Beginning with the line that contains "Pattern Ha Ha", retype the entries below exactly, ending with the line that contains "English Elm Wenge". Leave out any pictures.

Input material: Begin

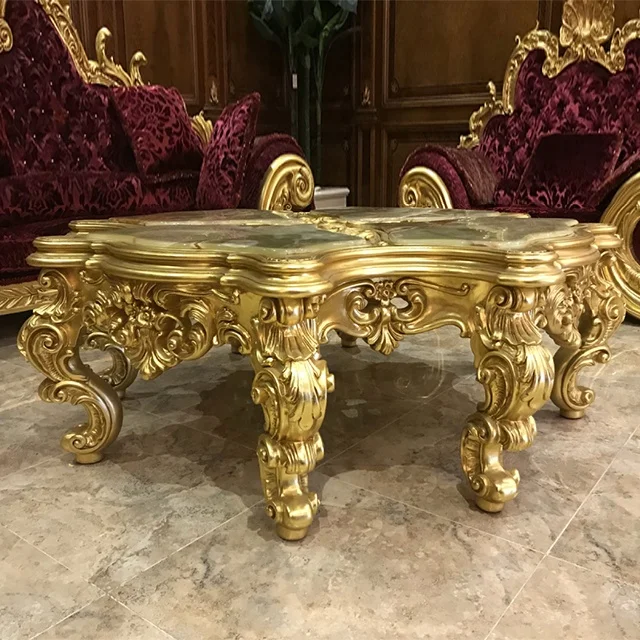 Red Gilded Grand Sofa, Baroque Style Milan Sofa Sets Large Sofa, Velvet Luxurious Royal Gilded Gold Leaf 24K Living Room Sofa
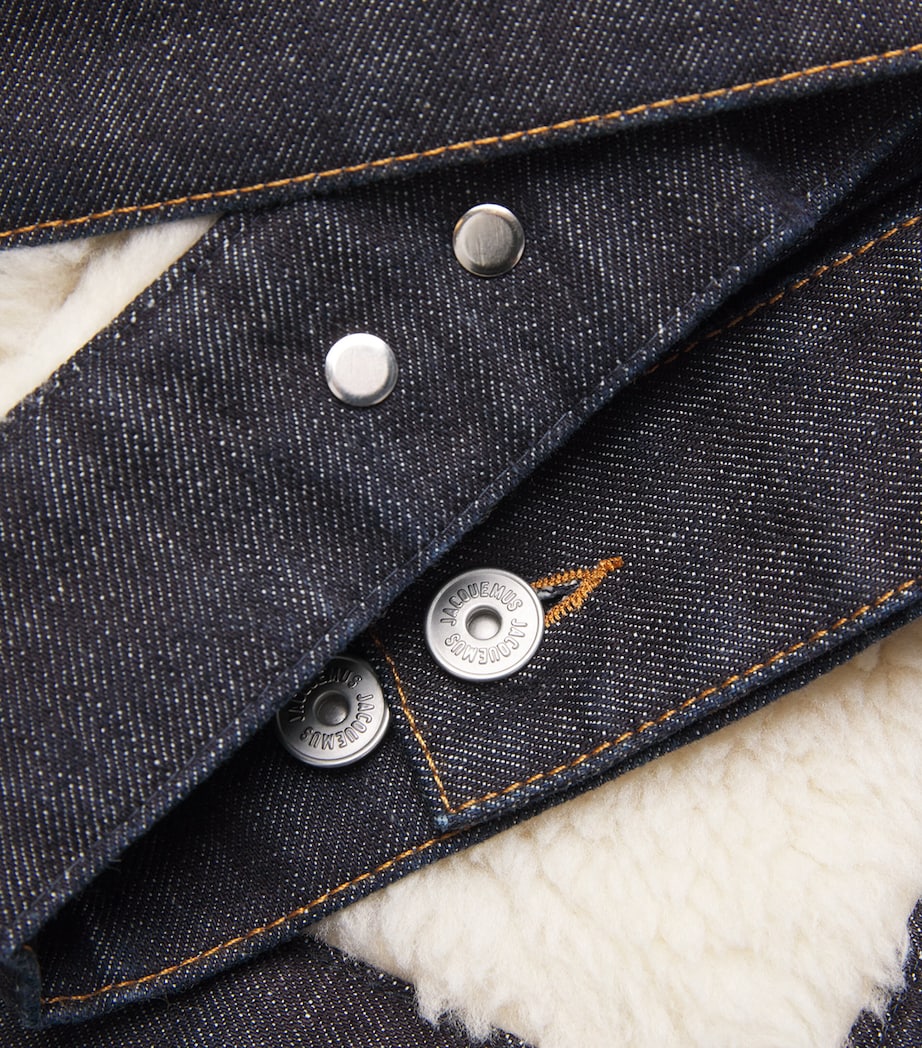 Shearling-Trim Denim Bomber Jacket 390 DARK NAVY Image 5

Input material: End
Input material: Begin

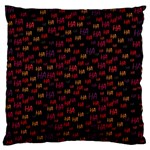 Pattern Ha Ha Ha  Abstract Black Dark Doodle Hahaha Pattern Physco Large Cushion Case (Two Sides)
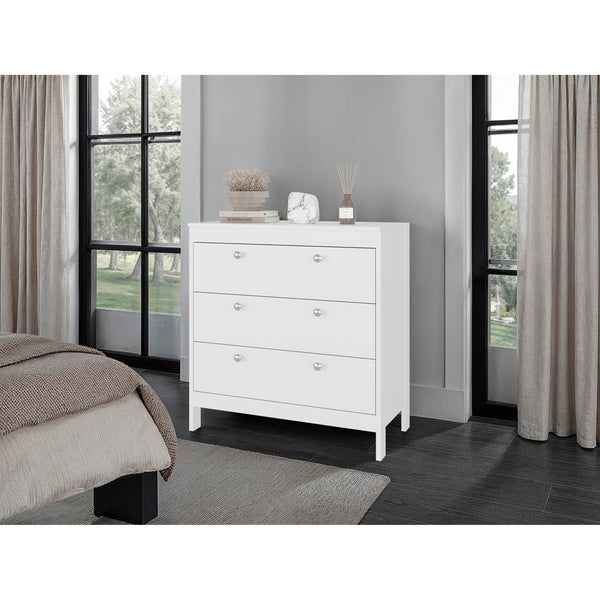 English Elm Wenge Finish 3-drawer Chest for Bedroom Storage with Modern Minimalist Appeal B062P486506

Input material: End

#### [Exercise result]
 Pattern Ha Ha Ha  Abstract Black Dark Doodle Hahaha Pattern Physco Large Cushion Case (Two Sides)
 English Elm Wenge Finish 3-drawer Chest for Bedroom Storage with Modern Minimalist Appeal B062P486506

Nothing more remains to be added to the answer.